A coroner has pleaded for people not to swim at a West Norfolk beauty spot where a teenager drowned almost two years ago.
The warning came at the end of a four-day inquest, in which the death of 16-year-old Umar Balogun at Bawsey Pits was ruled to have been accidental, on Thursday afternoon.
A jury at the Norwich coroner’s court recorded a verdict that Umar’s death was an accident, caused by not implementing policies and procedures, a lack of training and experience and procedures not being adhered to prior to the trip and at the site.
However, coroner Jacqueline Lake said she would not be writing reports to the two companies concerned in his death, Sibelco, who owned the site, and Castlecare who ran the home where Umar was living, because of procedural changes made since the tragedy.
But she added: “I sincerely hope that following this tragedy, that members of the public seriously think before entering these lakes however attractive and benign they may seem, as they clearly are not benign.”
“I am satisfied that Sibelco has taken steps and continues to do what it can to warn people of the dangers of the lakes.”
During the inquest, jurors heard that risk assessments concluded Umar should only swim where lifeguards were present.
But the manager of the care home responsible for him at the time of his death failed to read the risk assessment before the trip to Bawsey on July 16, 2013, or check where he, another resident and two members of staff were going to.
She said that she would not have authorised the trip if she had done so.
The jury also heard that the two members of care home staff who accompanied Umar and another care home resident to the lakes were not fully qualified or experienced.

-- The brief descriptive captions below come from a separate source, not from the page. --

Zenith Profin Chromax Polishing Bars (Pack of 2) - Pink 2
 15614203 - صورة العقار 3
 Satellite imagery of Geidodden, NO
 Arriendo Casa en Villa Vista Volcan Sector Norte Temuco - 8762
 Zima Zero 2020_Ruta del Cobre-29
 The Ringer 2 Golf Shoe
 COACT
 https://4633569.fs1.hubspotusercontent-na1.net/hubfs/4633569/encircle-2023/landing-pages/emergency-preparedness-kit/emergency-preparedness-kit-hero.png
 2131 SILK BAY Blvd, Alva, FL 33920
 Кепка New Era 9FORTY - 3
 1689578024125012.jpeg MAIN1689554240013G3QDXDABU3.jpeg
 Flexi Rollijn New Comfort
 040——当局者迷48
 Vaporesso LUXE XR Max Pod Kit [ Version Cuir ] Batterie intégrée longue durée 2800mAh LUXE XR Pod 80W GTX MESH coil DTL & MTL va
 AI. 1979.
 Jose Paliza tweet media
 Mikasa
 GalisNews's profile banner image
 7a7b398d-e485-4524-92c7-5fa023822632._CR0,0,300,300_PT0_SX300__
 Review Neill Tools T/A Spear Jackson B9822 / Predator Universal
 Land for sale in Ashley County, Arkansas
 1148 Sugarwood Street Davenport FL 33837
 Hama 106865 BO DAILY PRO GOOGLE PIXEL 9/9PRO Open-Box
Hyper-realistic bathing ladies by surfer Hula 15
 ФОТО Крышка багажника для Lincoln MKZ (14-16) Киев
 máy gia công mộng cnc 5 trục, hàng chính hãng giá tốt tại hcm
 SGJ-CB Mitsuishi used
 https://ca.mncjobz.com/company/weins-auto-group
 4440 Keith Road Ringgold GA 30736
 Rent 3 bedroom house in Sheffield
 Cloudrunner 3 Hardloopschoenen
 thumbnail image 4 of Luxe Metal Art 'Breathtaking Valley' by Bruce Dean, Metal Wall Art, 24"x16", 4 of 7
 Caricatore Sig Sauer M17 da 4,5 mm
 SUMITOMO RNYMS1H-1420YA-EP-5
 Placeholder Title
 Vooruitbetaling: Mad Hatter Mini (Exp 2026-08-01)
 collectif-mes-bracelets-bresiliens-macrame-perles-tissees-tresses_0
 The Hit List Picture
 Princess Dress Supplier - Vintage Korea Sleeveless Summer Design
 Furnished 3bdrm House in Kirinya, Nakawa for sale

Vander Cawley had not passed her probation period with Castlecare and Kevin Roweth had not worked with children in care before he started at Castle Lodge just three weeks earlier.
Manager Lyana Sinclair-Russell started at the home on the same day as Mr Roweth, and was supposed to have a two-week induction with outgoing manager Michelle Batchelor.
But it only lasted three days as Ms Batchelor was called away to another care home.
Following the tragedy, Ofsted launched an investigation into the care home and on July 22 issued two compliance notices for breaching children’s home regulations, relating to lack of qualified staff and protecting children from risk during activities.
During a subsequent Ofsted monitoring visit, the home upheld the notices, but on August 30, Castle Lodge cancelled its registration with Ofsted and the home was closed down.
Castlecare also carried out its own investigation into the deaths, and Ms Cawley and Mr Roweth are still being investigated by the Health and Safety Executive.